With visibility comes community, empowerment and self-confidence for young lesbians

Rebecca Toolan is a lesbian from Belfast who currently works in marketing and occasionally writes about pop culture, politics, and LGBT issues. You can follow her on Twitter at @rebtool

 

 

“Lesbians really do exist!” exclaimed Derry Girls’ Orla McCool against the backdrop of the North of Ireland in the mid-1990s, around the same time I was born. 

 

 

Fast forward 20 something years to 2020, which sees the inaugural Lesbian Visibility Week taking place spearheaded by Diva Magazine. The landmark event celebrates the strides that lesbians have made in our own movements and in supporting others in our community, as well as bringing attention to issues that face lesbians and other women who date women in our community today. 2020 also sees Northern Ireland at long last legalising same sex marriage, with a lesbian couple becoming the first to wed in our wee corner of the world. 

Visibility is an important word. It’s not that lesbians have been totally invisible up until now. We exist in every corner of society and come in many different forms; Diva have published an incredible list of 100 Visible Lesbians who have shaped lesbian culture and made an impact on wider society, but there are surely 1,000s more who could be celebrated in their own right. 

I’m 24 years old, and my journey with my identity was markedly of its time. I cut my teeth on Tumblr, coming out to my friends with an episode of Pretty Little Liars muted in the background. While I diligently researched my community from websites like AfterEllen and Autostraddle, I dared not call myself a lesbian because of the heavy baggage attached to the word. For years I was gay, a gay woman even, but never a lesbian. Terminology aside, it still felt isolating to believe I was the only person like me I knew at school, in my GAA team, and in my wider group of friends. I found my people online, and made friends for life through sharing stories of first crushes, Glee characters, and hopes for the future.

Now, a proud lesbian woman firmly stuck between the Millennial and Gen-Z camps, I can speak with some great amount of certainty on just how much differs for young women who are coming to terms with their sexuality today in 2020, but also that in spite of all the change in the world, some things have stayed the same. 

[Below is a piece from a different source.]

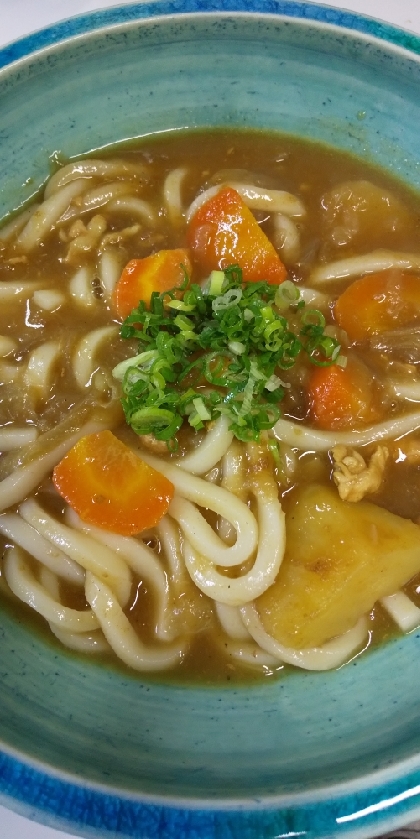 簡単！カレーの残りで和風カレーうどん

For many young lesbians, it’s not Ellen or K.d Lang who are their cultural points of reference, but women like musician King Princess, YouTubers Rose and Rosie Dix-Spaughton, and actress Kate McKinnon. There’s a lot to be said on the power of positive representation afforded by these entertainers, as well as the continued activism and change brought about by some much less visible figures in our history and in our local communities, but also room to talk about the new communities built around shared interest and experience that safely house so many young lesbian and bisexual women and girls. Mediums like TikTok and Twitter can become makeshift support groups for young people coming to terms with their sexuality and learning about the community they’ll soon be navigating as a young, newly out person. 

Alongside their list of 100 Visible Lesbians, Diva Magazine also published the results of a survey they carried out amongst LGBTQ+ women on topics like being out at work, hate crime, and of course visibility. 

The results showed that so many of us still feel like we have to hide our identity, with only half of respondents saying they’re out to colleagues, and over half of respondents saying they sometimes feel fear using public transport. 44% of people who took the survey also said they wished there were more events and spaces specifically for LGBTQ+ women, and 79% said they felt there was much more visibility for male members of our community in public life.

As young lesbians today, we clearly still face a lot of obstacles in society, but we’re in a better position than the women who paved the way for us throughout the decades leading up to now. We have a responsibility to the next generation to keep pushing for more positive representation, more participation, more inclusivity, and more freedom to be ourselves. I’m acutely aware of how me and my partner being visible can contribute to a society where our relationships are normalised, and how seeing people like them being happy and proud can make a world of difference in someone’s life, just as it did for me when I was a scared, closeted teen. 

In her letter to her 14 Year Old Self, Lyra McKee wrote- “It won’t always be like this, it’s going to get better”. 

Those words have become synonymous with the movement here in Northern Ireland, an encapsulation of the hope of many young gay people that the difficulties and hardships they face are only temporary. There is a big bright world out there, and we all have a place in it.